Indirecte belastingen (btw en accijnzen) zijn het belangrijkste terrein dat door het programma werd bestrekken. Het programma omvatte een groot aantal relevante activiteiten op dat gebied. Het programma omvatte een kleiner aantal acties op het gebied van directe belastingen. Deze worden echter in dit verband steeds meer als noodzakelijk gezien, wat betekent dat het aantal activiteiten in de toekomst naar verwachting zal toenemen. In het kader van het programma zijn geen activiteiten op het gebied van heffingen op verzekeringspremies gefinancierd, omdat de deelnemende landen daar geen specifieke behoefte aan hadden.

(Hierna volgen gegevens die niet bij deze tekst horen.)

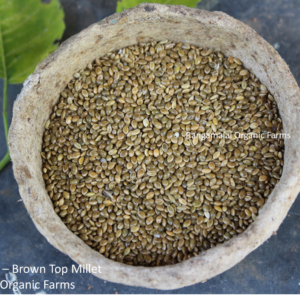 Brown Top Millet Seeds (Kaadai Kanni)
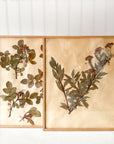 No. 1 Framed Archival Pressed Flower Art circa 1948 France | Pair of 2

De georganiseerde activiteiten vulden elkaar aan, en de keuze voor een bepaald instrument was steeds een logisch gevolg van het gewenste resultaat. Doordat in de deelnemende landen geen gestructureerde feedback op de resultaten van de activiteiten werd gegeven, waren er onvoldoende gegevens over de resultaten van het programma. Dit is een gemiste kans voor het organiseren van een follow-up. Door de gebrekkige rapportage is de zichtbaarheid van het programma bij de nationale diensten gering gebleven, wat een verklaring kan zijn voor de enigszins beperkte steun voor het programma op hogere niveaus.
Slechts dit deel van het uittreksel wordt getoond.